Voice-to-Text is a Python application that leverages AI4BHARAT models to perform voice to text conversion using API calls. This project allows you to transcribe spoken words from audio recordings into written text, making it useful for various applications such as transcription services, voice assistants, and more.
To get started with Voice-to-Text, follow these installation steps:
Clone the repository to your local machine:
git clone https://github.com/your-username/voice-to-text.git
cd voice-to-text
Install the required Python packages using pip:
pip install -r requirements.txt
To run the Voice-to-Text application and make a POST request via the terminal, follow these steps:
Open your terminal or command prompt.
Navigate to the project directory:
cd path/to/voice-to-text
Start the Flask application by running the Python script:
python python_script.py
The app will start running with the host set to '127.0.0.1' and port set to 5000.
Open another terminal window or tab.
Use curl to make a POST request to your Flask API endpoint with the specified parameters, including the audio file:
curl -X POST -F "service_id=your_service_id" -F "src_lang_code=your_language_code" -F "audio_content=@path/to/your/audio_file.wav" http://localhost:5000/transcribe
Replace the following placeholders:
Press Enter to make the POST request.
This will send a POST request to your Flask API via the terminal, including the specified parameters and audio file. Your Flask server should process the request and return the transcript.
If you encounter any issues, please ensure that your Flask server is running on http://localhost:5000, and that you've followed the steps correctly.
Before using Voice-to-Text, you need to configure the API credentials. Follow these steps:
Sign up or log in to your AI4BHARAT account.
Generate API credentials, such as an API key or token, from your AI4BHARAT dashboard.
Open the config.json file located in the project directory.
Replace the placeholder values in config.json with your API credentials:
{
"api_key": "your_api_key_here",
"api_url": "https://api.ai4bharat.org/asr/v0.2/recognize"
}
Replace "your_api_key_here"
with your actual API key/token.
Save the config.json
file.
Download the Samaaja app
bench get-app https://github.com/fossunited/Samaaja
Install the app on your site
bench --site <your-site-name-here> install-app samaaja
For locatiing your Samaaja app follow the given steps :
Navigate to frappe folder, open frappe-bench.
Navigate to apps/saamaja
Open this folder in a VS Code-like editor.
To run the Voice-to-Text application in the samaaja interface and make a POST request via the terminal, follow these steps:
Inside the "Samaaja" folder, navigate to the "samaaja/api" folder.

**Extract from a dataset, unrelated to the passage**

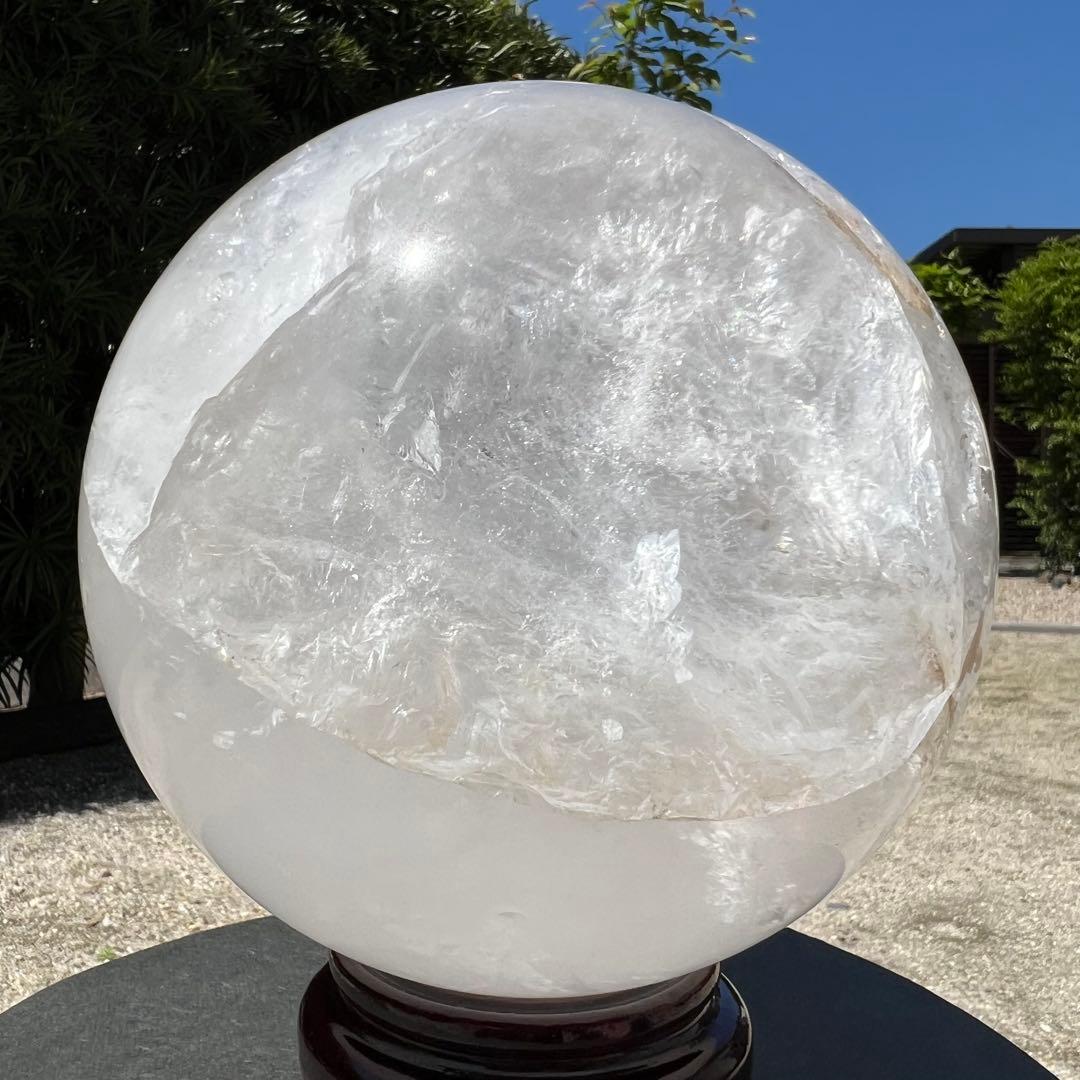 ✳️存在際立つ美麗超大玉‼️✨レインボー ヒマラヤ水晶 丸玉 天然石 原石 置物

Open the "voice_to_text" folder in the VS Code-like editor.
Locate the "frappe_script.py" file inside the "voice_to_text" folder.
Copy the "frappe_script.py" file.
Go back to the "api" folder (step 3), and paste the copied "frappe_script.py" file there.
Open the "frappe_script.py" file that you've just pasted into the "api" folder.
Inside the "frappe_script.py" file, locate the following lines:
API_KEY = "Your_API_KEY_here"
INFERENCE_URL = "Your_INFERENCE_URL_here"
Replace "Your_API_KEY_here" with your actual API key.
Replace "Your_INFERENCE_URL_here" with your actual inference URL.
Save the changes to the "frappe_script.py" file.
Open your terminal or command prompt.
Navigate to the project directory:
cd path/to/frappe-bench
Run frappe-bench:
bench start
Open another terminal window or tab.
Use curl to make a POST request to your Flask API endpoint with the specified parameters, including the audio file:
curl -X POST -F "service_id=your_service_id" -F "src_lang_code=your_language_code" -F "audio_url=http://example.com/path/to/your/audio_file.wav" http://127.0.0.1:8000/api/method/samaaja.api.frappe_script.transcribe_audio
Replace the following placeholders:
Press Enter to make the POST request.
This will send a POST request to your Frappe API via the terminal, including the specified parameters and audio file url. Your Frappe server should process the request and return the transcript.
If you encounter any issues, please ensure that your Frappe server is running on http://127.0.0.1:8000, and that you've followed the steps correctly.
We welcome contributions to improve Voice-to-Text. To contribute, follow these steps:
Fork the repository.
Create a new branch for your feature or bug fix:
git checkout -b feature/your-feature
Make your changes, test thoroughly, and ensure proper documentation.
Commit your changes with clear and concise messages.
Push your changes to your fork:
git push origin feature/your-feature
Create a pull request to the main repository's master
branch, describing your changes and their purpose.
This project is licensed under the GNU GENERAL PUBLIC LICENSE. See the LICENSE file for details.